* TASK INPUTS
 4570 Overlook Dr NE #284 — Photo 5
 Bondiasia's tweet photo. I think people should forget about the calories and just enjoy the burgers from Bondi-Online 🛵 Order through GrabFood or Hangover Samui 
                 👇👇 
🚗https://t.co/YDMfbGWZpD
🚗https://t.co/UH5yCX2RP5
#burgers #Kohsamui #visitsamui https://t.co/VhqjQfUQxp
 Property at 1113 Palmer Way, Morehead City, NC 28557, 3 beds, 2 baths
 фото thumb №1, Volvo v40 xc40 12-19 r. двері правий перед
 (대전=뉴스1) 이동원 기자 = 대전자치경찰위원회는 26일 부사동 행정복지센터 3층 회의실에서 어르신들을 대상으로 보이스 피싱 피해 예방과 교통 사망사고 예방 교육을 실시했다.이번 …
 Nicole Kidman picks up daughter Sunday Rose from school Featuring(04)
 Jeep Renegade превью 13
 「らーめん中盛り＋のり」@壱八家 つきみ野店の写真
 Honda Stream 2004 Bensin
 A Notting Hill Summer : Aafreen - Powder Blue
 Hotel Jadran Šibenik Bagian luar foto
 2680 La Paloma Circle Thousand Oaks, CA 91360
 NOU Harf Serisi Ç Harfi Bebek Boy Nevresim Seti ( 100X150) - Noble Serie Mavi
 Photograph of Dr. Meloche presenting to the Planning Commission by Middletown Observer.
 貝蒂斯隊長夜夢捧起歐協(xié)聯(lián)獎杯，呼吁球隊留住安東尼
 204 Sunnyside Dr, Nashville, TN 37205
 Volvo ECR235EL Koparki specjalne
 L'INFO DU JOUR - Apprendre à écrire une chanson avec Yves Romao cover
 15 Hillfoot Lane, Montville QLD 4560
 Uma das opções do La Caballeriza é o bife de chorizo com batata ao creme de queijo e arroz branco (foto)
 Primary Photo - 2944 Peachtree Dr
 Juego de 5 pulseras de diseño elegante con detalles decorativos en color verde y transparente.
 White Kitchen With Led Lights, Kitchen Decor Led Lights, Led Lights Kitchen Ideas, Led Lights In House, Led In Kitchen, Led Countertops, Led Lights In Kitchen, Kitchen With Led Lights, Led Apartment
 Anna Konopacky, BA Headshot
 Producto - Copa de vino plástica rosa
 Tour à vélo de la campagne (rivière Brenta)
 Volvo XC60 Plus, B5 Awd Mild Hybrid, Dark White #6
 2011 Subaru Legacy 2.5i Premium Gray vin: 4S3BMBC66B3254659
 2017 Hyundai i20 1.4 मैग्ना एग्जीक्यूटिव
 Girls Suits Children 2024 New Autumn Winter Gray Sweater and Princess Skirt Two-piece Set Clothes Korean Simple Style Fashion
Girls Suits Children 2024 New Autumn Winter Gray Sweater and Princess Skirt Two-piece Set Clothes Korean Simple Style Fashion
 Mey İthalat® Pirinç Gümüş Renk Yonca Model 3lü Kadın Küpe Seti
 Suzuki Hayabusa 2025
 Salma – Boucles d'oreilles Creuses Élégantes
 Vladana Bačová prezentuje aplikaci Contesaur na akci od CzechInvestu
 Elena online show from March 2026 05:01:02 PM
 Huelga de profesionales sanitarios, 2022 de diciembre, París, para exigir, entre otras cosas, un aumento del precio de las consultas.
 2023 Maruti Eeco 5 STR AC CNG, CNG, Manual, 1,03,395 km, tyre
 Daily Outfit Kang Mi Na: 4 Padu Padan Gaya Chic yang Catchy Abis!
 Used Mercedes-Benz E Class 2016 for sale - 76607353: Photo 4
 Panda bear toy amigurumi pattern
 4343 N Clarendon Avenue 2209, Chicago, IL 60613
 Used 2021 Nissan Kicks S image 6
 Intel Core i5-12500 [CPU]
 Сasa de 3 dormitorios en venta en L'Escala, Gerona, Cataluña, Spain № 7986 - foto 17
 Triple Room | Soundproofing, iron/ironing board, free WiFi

* EXERCISE DETAILS
Please, from the entries above, set down exactly the lines from the one containing "Tour à vélo de la campagne (rivière Brenta)" through the one containing "Panda bear toy amigurumi pattern", and only those.

* EXERCISE OUTPUT
 Tour à vélo de la campagne (rivière Brenta)
 Volvo XC60 Plus, B5 Awd Mild Hybrid, Dark White #6
 2011 Subaru Legacy 2.5i Premium Gray vin: 4S3BMBC66B3254659
 2017 Hyundai i20 1.4 मैग्ना एग्जीक्यूटिव
 Girls Suits Children 2024 New Autumn Winter Gray Sweater and Princess Skirt Two-piece Set Clothes Korean Simple Style Fashion
Girls Suits Children 2024 New Autumn Winter Gray Sweater and Princess Skirt Two-piece Set Clothes Korean Simple Style Fashion
 Mey İthalat® Pirinç Gümüş Renk Yonca Model 3lü Kadın Küpe Seti
 Suzuki Hayabusa 2025
 Salma – Boucles d'oreilles Creuses Élégantes
 Vladana Bačová prezentuje aplikaci Contesaur na akci od CzechInvestu
 Elena online show from March 2026 05:01:02 PM
 Huelga de profesionales sanitarios, 2022 de diciembre, París, para exigir, entre otras cosas, un aumento del precio de las consultas.
 2023 Maruti Eeco 5 STR AC CNG, CNG, Manual, 1,03,395 km, tyre
 Daily Outfit Kang Mi Na: 4 Padu Padan Gaya Chic yang Catchy Abis!
 Used Mercedes-Benz E Class 2016 for sale - 76607353: Photo 4
 Panda bear toy amigurumi pattern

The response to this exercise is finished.